How is China's 'Quantum Satellite' going to send information through entangled photons? - no-communication theorem So I recently read a news article about how China is using Quantum entanglement to send information. Now I thought this was very strange because I know for a fact that you cannot use quantum entanglement to send information through the entangled pair of objects. (See No-communication theorem).
How are they using entanglement to send the information then?
News Article I read
 A: The linked Nature Article is a bit more precise here:

At the heart of their satellite is a crystal that produces pairs of entangled photons, whose properties remain entwined however far apart they are separated. The craft’s first task will be to fire the partners in these pairs to ground -stations in Beijing and Vienna, and use them to generate a secret key.
  (...)
  The team will also attempt to ‘teleport’ quantum states, using an entangled pair of photons alongside information transmitted by more conventional means to reconstruct the quantum state of a photon in a new location.

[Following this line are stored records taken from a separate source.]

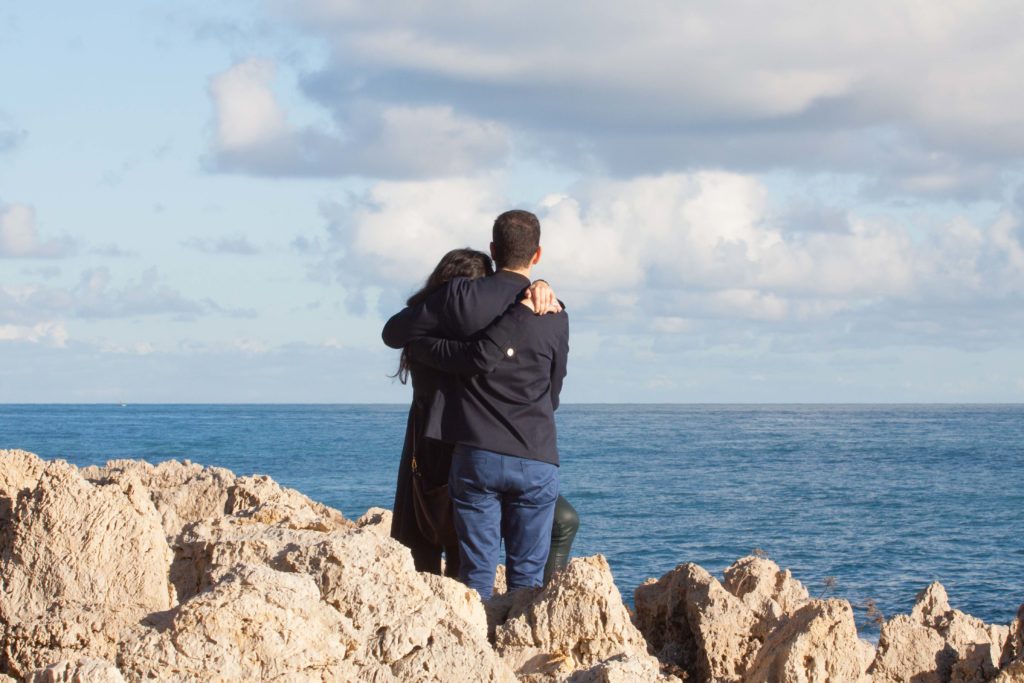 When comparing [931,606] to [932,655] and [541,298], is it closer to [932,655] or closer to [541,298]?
[932,655]

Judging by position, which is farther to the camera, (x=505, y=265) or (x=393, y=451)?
(x=393, y=451)

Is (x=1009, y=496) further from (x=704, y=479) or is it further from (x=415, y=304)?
(x=415, y=304)

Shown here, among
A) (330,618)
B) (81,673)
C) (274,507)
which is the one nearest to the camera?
(81,673)

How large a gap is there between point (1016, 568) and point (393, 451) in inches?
1713

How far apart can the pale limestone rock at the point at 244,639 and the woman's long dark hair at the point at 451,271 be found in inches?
95.6

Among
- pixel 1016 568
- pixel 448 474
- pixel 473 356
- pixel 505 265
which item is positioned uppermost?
pixel 505 265

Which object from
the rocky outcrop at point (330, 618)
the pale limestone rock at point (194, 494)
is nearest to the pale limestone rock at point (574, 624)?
the rocky outcrop at point (330, 618)

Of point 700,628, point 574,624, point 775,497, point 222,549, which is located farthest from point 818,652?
point 775,497

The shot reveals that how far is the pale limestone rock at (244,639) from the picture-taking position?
3.11 metres

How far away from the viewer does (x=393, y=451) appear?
2566 inches

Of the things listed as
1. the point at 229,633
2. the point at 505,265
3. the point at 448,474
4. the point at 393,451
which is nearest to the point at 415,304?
the point at 505,265

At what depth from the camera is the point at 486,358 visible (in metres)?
5.30

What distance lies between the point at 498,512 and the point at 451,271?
117 cm

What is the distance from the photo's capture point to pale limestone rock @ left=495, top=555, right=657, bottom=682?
4609 millimetres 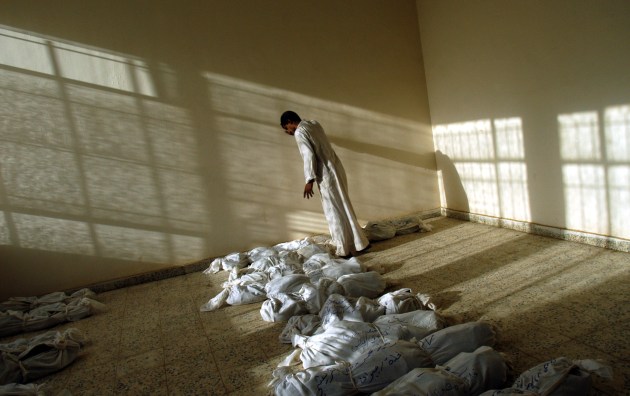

The first part, generating a secret key, does not involve any transfer of information. The key will be totally random. However since the photons are entangled, both parties will be able to generate the same, unique key and they will be able to detect, if some third-party has messed with their key-generation. This key can then be used to encrypte information, transferred through a classical connection.
The second part also needs a classical connection to transfer information in order to recreate the 'teleported' quantum state. Again the two entangled photons pretty much just create a 'common base'.
It looks like the New York Times article simplified a bit too much or even mixed two experiments/concepts. The Nature article seems totally reasonable to me.